West Hampstead had over a dozen hairdressers on the long stretch of the A5 that constituted the Kilburn High Road, boasting names like Curl Up and Dye, or Hair to Stay. But Stella had always gone to a little place off to the west along Willesden Lane. It was called Pouri’s. Originally, it had been opened by a woman of that name who left Iran when the Shah was deposed. She’d always described herself, fiercely, as Persian if anyone had made the mistake of asking if she was Iranian. When Pouri retired, her daughter Roxana took over.
The bell over the door tinkled as Stella pushed through into the warm, chemical-scented air of the salon. Several women sat on a lime-green leather sofa reading magazines, their hair enfolded in strips of foil. There were three chairs occupied and one free. Stella looked around, hoping to see Roxana. She recognised two of the girls cutting and combing at the chairs; the third was new. But no Roxana.
“Can I help you?” the new girl asked, smiling brightly at Stella. She was about eighteen, slim with blonde hair in bunches like a schoolgirl, and full, pouting lips emphasised further than nature had managed with bright pink lipstick.
“I want a cut, but I was hoping Roxana could do it. I’m afraid I don’t have an appointment.”
The girl opened her mouth to speak but was interrupted.
“Stella! I thought we’d lost you.”
It was Roxana, appearing through the door at the rear of the salon that led to a kitchenette and the staff toilet. Her glowing brown skin was lightly made up, with most of the emphasis on her kohl-rimmed eyes, which were huge and a deep black-brown. She came straight to Stella and hugged her, then stood back and checked out her hair, touching and teasing strands here and there.
“You, my love, need some serious TLC. Who did this for you, a dog groomer?”
Stella smiled. It was so good to be with someone who had nothing to do with crime or policing or corruption or vigilantism or vengeance. Someone who was just genuinely pleased to see her.
“I couldn’t come in before. I wasn’t ready after—” She felt her voice thickening up. Roxana saved her.
“I know,” she said softly. “But you’re here now, right? Come and sit. I’ve got a twelve o’clock, but she’s new, so I’ll get Lucy to do her. That all right, Luce?”
One of the girls Stella recognised called over her shoulder, “Fine. Me and Lorna can just do a bit of shuffling.”
Roxana settled Stella into the vacant chair and floated a black nylon robe over her lap before fastening the Velcro at the back of her neck.
“Now, what do you want, the usual?”
Three hours later, the bell above Pouri’s pinged and a woman emerged into the pedestrian traffic on the north side of Willesden Lane. Nobody gave her a second glance, even though her new look was a radical departure from her old.

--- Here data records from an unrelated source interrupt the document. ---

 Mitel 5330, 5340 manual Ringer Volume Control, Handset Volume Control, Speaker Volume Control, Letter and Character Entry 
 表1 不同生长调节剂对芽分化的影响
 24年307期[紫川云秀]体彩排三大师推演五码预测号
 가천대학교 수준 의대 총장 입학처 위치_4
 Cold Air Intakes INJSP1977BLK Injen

The long, brown hair tied back into a pony tail by a scrunchie had gone. In its place, a very short, blonde crop. She’d also had her eyebrows lightened and Roxana had spent an extra ten minutes adding a few deft touches of eyeshadow that brought out Stella’s blue-green eyes, finishing the look with a bright fuchsia-pink lipstick. Stella had looked in the mirror and not recognised herself. Perfect! She’d bought a couple of wigs from the display behind the till, paying cash for everything.
She grabbed a burger from a takeaway place offering everything the hungry and not-too-fussy Kilburnian could want, from fried chicken to pizzas, and munched her way through it on the thirty-minute walk back to her house.

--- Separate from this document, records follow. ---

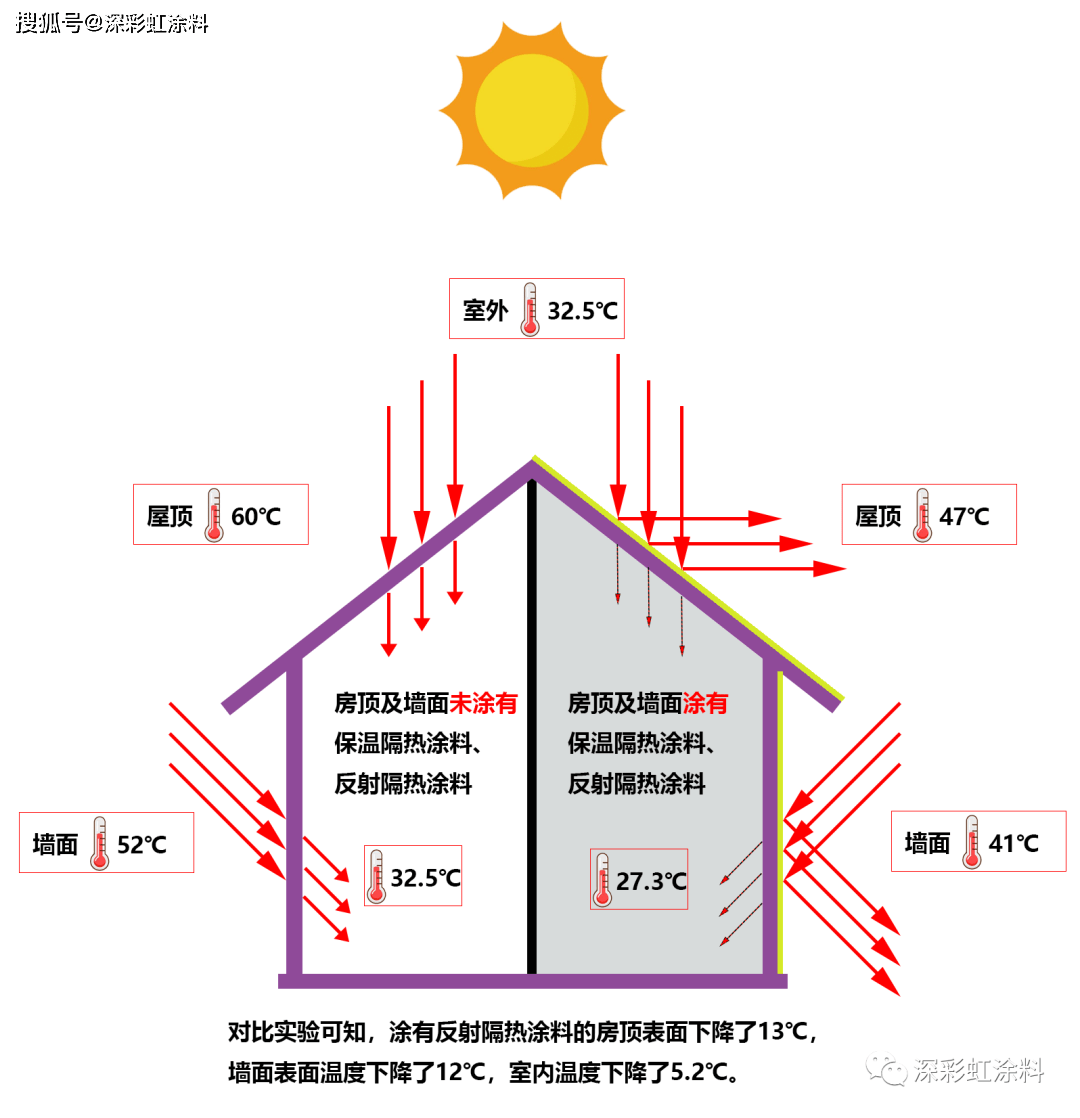 保温涂料有用吗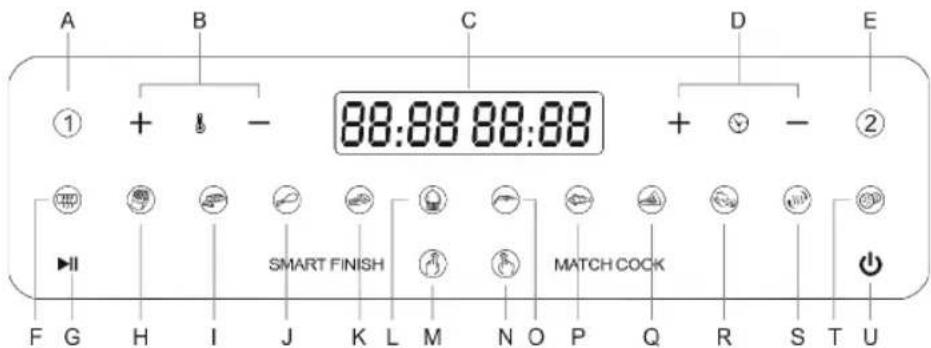Sogo SS-10845 - PARTS DESCRIPTION - 2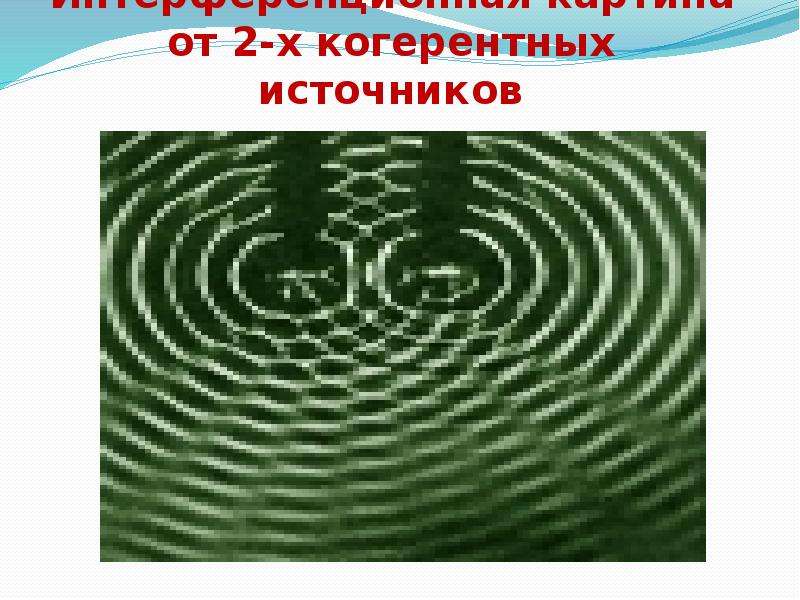 Когерентные источники. Интерференция света анимация. Когерентные источники примеры. Интерференционная картина тока.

Inside the front door, she grabbed her bike keys from the bowl on the white-painted radiator cover, and her helmet from the floor beside it. The black leather gauntlets were stuffed inside the helmet, along with a fine woollen scarf. She reached for the door handle and then stayed her hand. She realised at that precise moment that she didn’t want to come back. Not ever. So what was there she needed to remove personally? She’d never been one for collecting jewellery. She wore her wedding, engagement and eternity rings all the time. There were a couple of nice pairs of earrings Richard had bought her, but the rest was cheap and cheerful stuff she didn’t care about one way or the other. Mostly she needed papers. She went upstairs to her bedroom and retrieved a black nylon rucksack from her wardrobe. Back in the office she stuffed it with all her important documents. She found herself clutching her will. Pointless now. Who was there to leave stuff to? The government could have it, and maybe it would find its way towards funding the police or the NHS. She ripped it into pieces and left them on the floor among the scattered fragments of her investigation.

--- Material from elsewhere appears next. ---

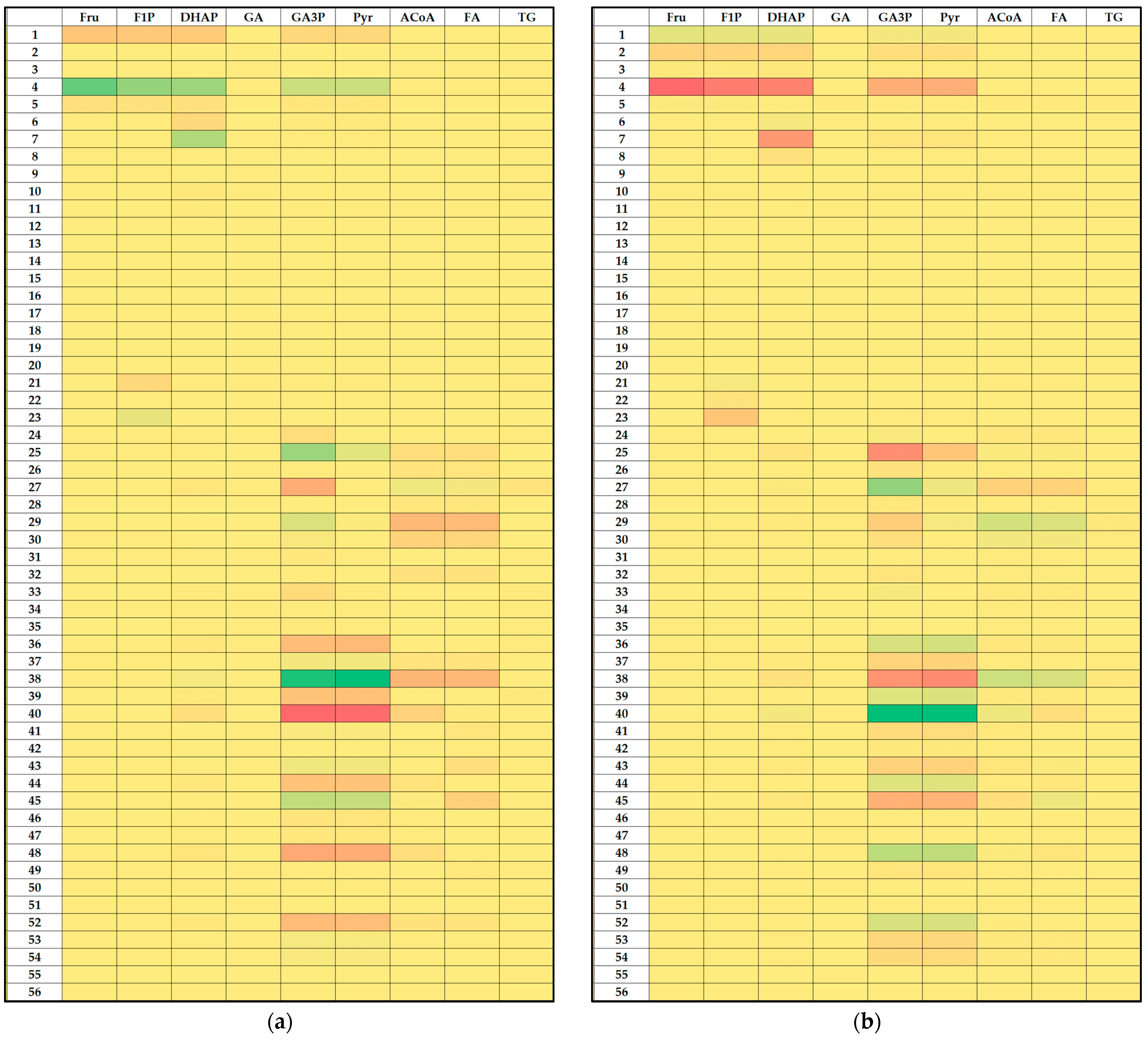 Processes 13 00125 g006a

“Now I’m ready,” she said out loud into the silence.
Sitting astride her treasured Triumph Speedmaster, she pulled her helmet’s strap tight under her chin. It felt loose compared to the last time she’d worn it, the result of having her hair shorn off. She interlaced her fingers to shove the fingers of her bike gauntlets on tight and thumbed the starter button. The engine stuttered, coughed and turned over a couple of times but didn’t fire.
“Come on, baby,” she muttered into the scarf wound round her neck and the lower part of her face.
She opened the throttle and tried the starter again. This time the big motor caught with a roar before she eased off the open throttle and let it settle into its familiar lumpy idle. She toed the gear lever down into first with a clunk, and half-drove, half-waddled the big machine off the concrete parking space, across the pavement and onto the road.
A quick check in the mirrors, then over her right shoulder, half expecting to see a dark purple Bentley rushing up to send her and the Triumph into oblivion, but there was nothing there. She was just about to let the clutch out and leave the house – For ever? she wondered – when Pearl from next door came hurrying down her front path, waving at her.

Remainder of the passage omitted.